*** EXERCISE INPUTS Section Begins ***

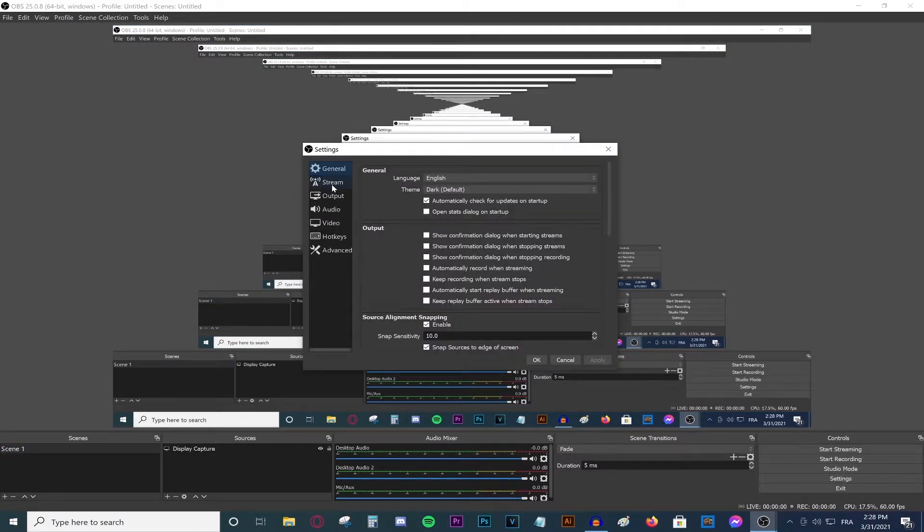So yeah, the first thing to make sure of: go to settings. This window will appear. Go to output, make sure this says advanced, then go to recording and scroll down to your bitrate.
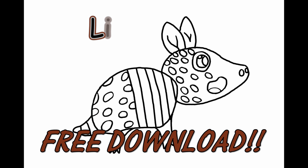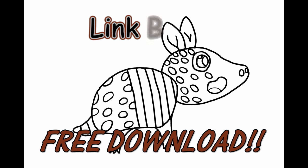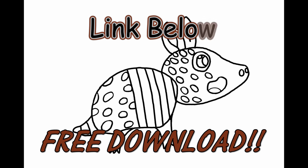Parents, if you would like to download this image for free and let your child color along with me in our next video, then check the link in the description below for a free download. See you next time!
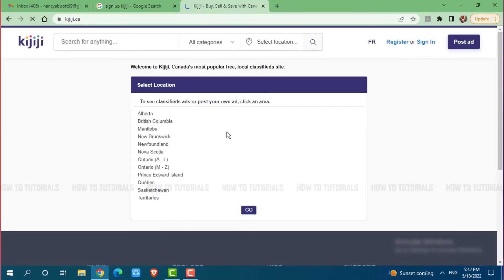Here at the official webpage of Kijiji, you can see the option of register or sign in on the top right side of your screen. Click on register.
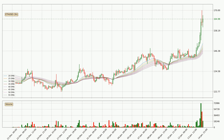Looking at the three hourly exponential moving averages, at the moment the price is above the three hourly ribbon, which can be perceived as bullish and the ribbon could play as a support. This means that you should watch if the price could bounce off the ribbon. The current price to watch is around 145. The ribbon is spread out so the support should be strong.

*** EXERCISE INPUTS Section Ends ***
*** EXERCISE INPUTS Section Begins ***

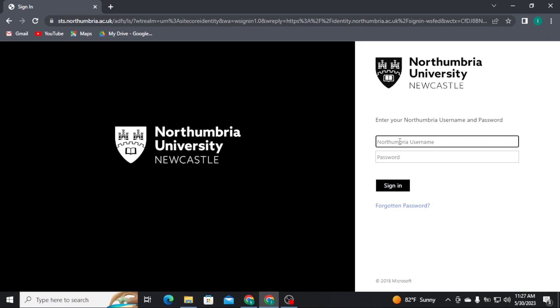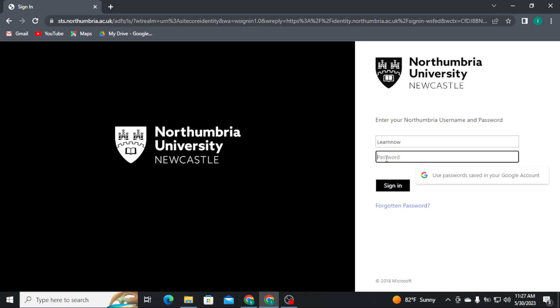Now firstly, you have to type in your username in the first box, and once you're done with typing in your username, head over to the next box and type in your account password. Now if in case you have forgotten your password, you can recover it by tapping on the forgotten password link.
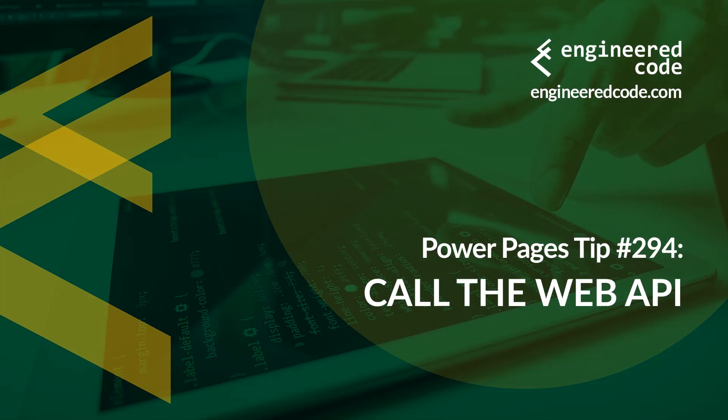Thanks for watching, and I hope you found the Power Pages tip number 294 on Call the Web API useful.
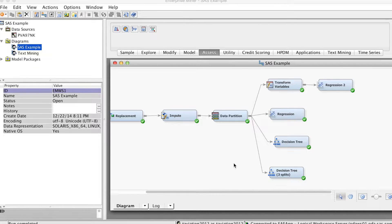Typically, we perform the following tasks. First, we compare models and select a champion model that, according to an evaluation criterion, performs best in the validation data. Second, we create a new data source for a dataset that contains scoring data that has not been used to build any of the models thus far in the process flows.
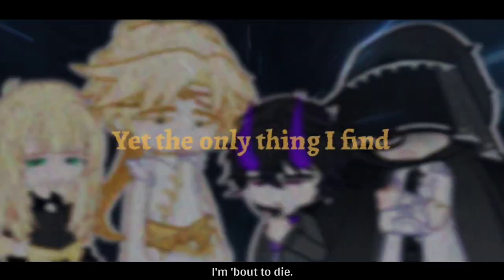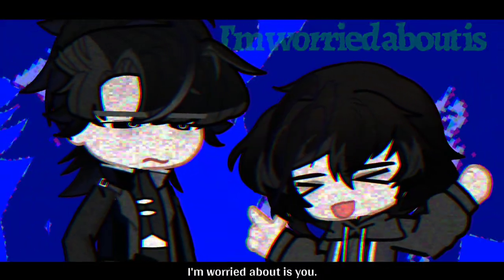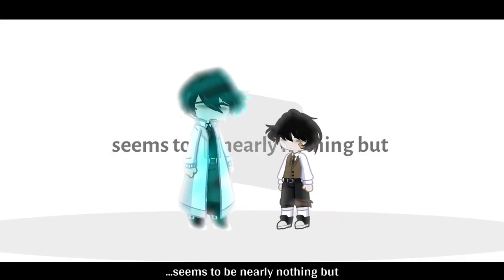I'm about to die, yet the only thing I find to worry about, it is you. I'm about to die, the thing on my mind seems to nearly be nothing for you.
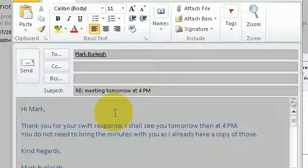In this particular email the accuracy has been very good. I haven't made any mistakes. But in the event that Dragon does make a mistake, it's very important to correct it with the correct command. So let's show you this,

*** EXERCISE INPUTS Section Ends ***
*** EXERCISE INPUTS Section Begins ***

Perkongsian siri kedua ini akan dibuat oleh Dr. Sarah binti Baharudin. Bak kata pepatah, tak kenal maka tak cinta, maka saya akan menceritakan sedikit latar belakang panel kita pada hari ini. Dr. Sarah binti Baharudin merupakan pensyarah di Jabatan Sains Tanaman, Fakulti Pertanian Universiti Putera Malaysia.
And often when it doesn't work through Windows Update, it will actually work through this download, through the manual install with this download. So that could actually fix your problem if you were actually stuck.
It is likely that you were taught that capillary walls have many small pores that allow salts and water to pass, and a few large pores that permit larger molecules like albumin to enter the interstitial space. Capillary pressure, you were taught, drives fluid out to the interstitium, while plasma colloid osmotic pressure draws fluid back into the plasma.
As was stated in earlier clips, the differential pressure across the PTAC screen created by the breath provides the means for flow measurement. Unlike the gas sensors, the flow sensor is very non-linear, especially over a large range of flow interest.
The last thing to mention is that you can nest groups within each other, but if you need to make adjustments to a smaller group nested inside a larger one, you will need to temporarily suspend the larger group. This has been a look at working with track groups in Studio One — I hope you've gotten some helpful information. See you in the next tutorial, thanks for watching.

*** EXERCISE INPUTS Section Ends ***

# [TASK ITEM]
Tell how many lines in the material hold the word "pressure". Reply with the number only.

# [RESPONSE TO THIS TASK]
2